Whilst not explicitly far right in nature, Dean Everitt’s anti-immigration demo in Boston was relatively successful and left some of the far right supporters who turned up eager for more. Again, the issue is one where many local people have legitimate concerns – the latest census results showed that Boston has seen a higher level of immigration than anywhere else over the last decade and local resources are clearly stretched. The issue undoubtedly plays on racist fears as well though. Given that Everitt himself is a supporter of far right groups and many of the people who were invited were from the EDL and BNP, it is fair to say the far right has some influence on this movement.
There has been talk of a future anti-immigration demo in Spalding in the new year. We need to make sure we continue to expose the involvement of the far right in this movement.
As the organised far right fragments it can be predicted that there will be more incidents of fascists acting on their own, without any restrictions imposed by a larger organisation. Indeed, the number of racist attacks, particularly against Muslims, appears to be on the rise. Lincolnshire police have reported a sharp rise in racist incidents as have schools in Derbyshire. There have also been some high profile attacks on Muslims in Leicester, Northants, Lincoln and Bingham, often involving people with links to far right organisations.
Many people wrongly think that the police will deal with these isolated incidents. In reality, Notts police were criticised for their extremely racist stop and search profiling and Leicestershire cops were were highlighted for the racist way in which they policed the EDL demo in February.
Anti-fascism will only succeed if the wider struggle against racial and religious divisions within society is also strong. There is no point in beating off organised fascism while the seeds of its rebirth are being sown all around us.
2012 saw a long-awaited resurgence of confidence in street-level anti-fascism. This was in no small part due to an increased militancy of UAF in tackling the EDL but also thanks to the growth of the decentralised Anti-Fascist Network. Anti-fascists had a number of victories over the fading EDL, most notably in Walthamstow where they blocked the EDL’s march and the fascists had to be kettled for their own safety.
That said, there is still a lot of poor analysis in the broader anti-fascist movement which tends to see fascism as one element of “extremism”, a label which is as likely to include people fighting for freedom as fascists.
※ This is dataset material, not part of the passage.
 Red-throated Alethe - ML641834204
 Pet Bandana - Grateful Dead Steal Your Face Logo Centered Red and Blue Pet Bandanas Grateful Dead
This can lead to our movement being appropriated by populist politicians for their own ends. If anti-fascism is not also against our authoritarian, racist state then it doesn’t deserve the name.
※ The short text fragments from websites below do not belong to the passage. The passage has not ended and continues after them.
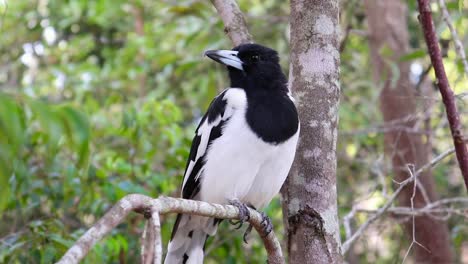 magpie sitting on a branch in australia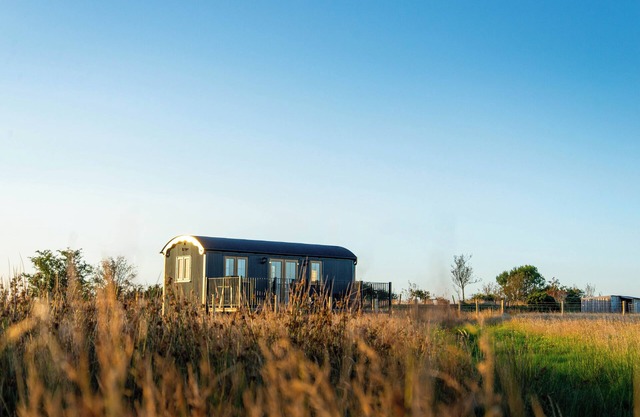 Head For The Hills Glamping Shepherd’s Hut. Pet friendly, mountain views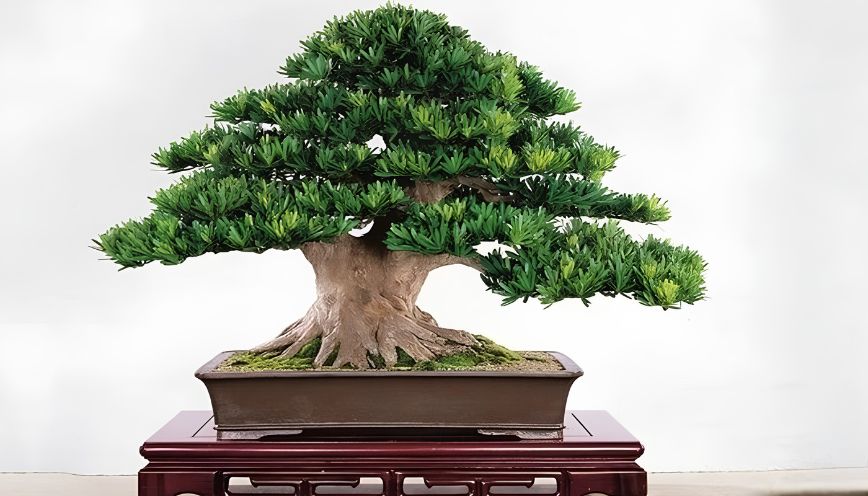 Cây tùng la hán hợp mệnh gì tốt không?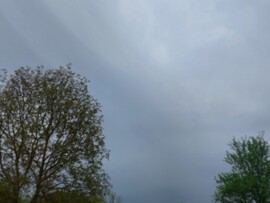 Komlósd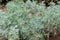 Artemisia arborescens, the tree wormwood plant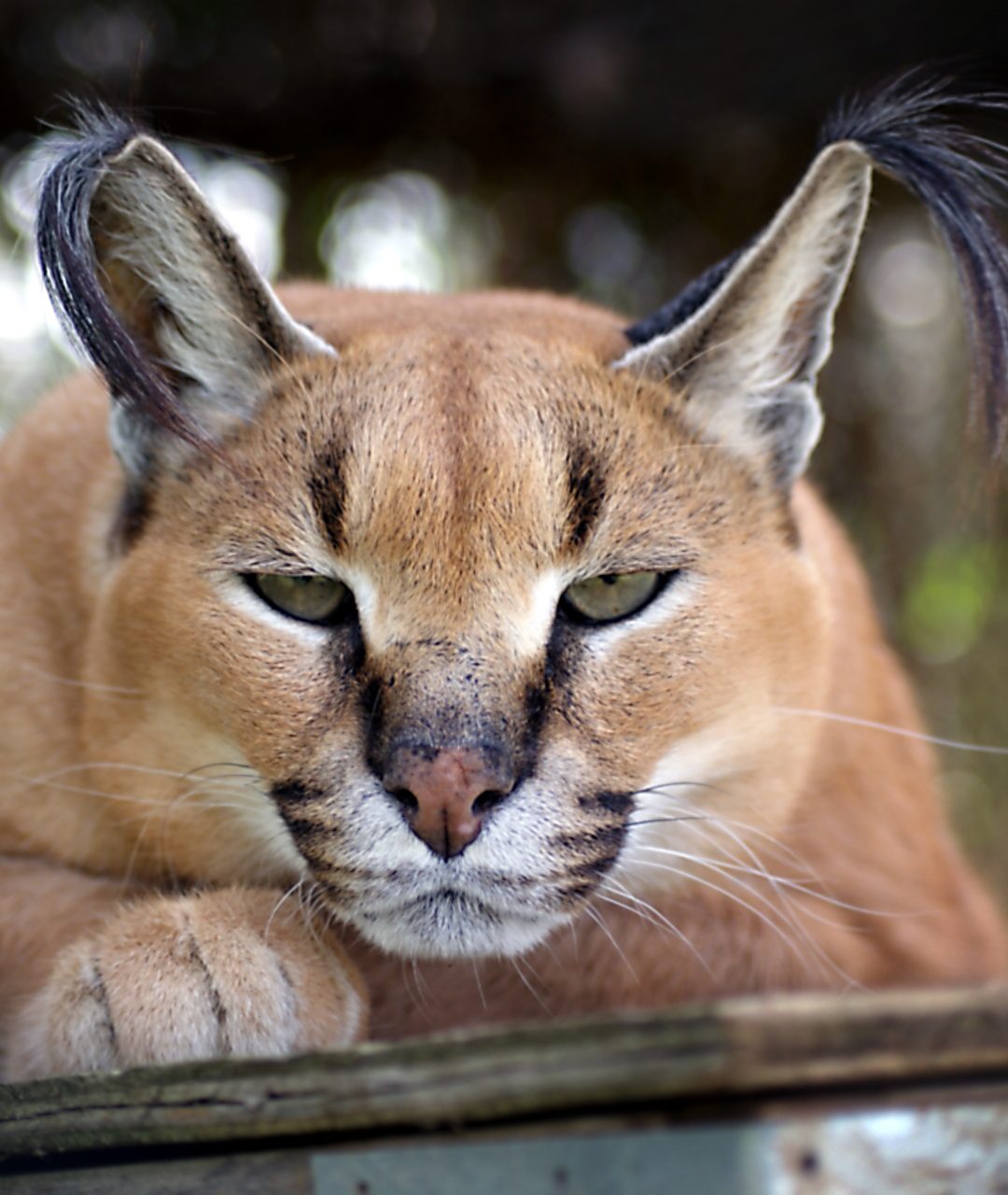 Bandit Caracal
There is also a tendency towards anti-working class prejudice in some quarters, with the EDL and co being mocked as thick simply because they don’t express themselves in a suitably Guardian-reading manner. Anti-fascism should be a grassroots movement welcoming of all those who are sick of the divisions in our communities not an elitist sneering club.
Locally, anti-fascists had a relatively low profile although a successful benefit gig for anti-fascist prisoners was held in Nottingham, the Lincoln Underground Collective hosted a discussion on anti-fascism and Leicester anti-fascists took action against a coach company used by the EDL. It is harder to mobilise against the fascists when they are weak and don’t seem to pose much of a threat but that is exactly what we need to do to if we really want to stamp them out. If we can’t beat them when they are weak we will have no chance by the time they are strong again.
There is a lot to be done so support your local anti-fascist group and help build the Anti-Fascist Network.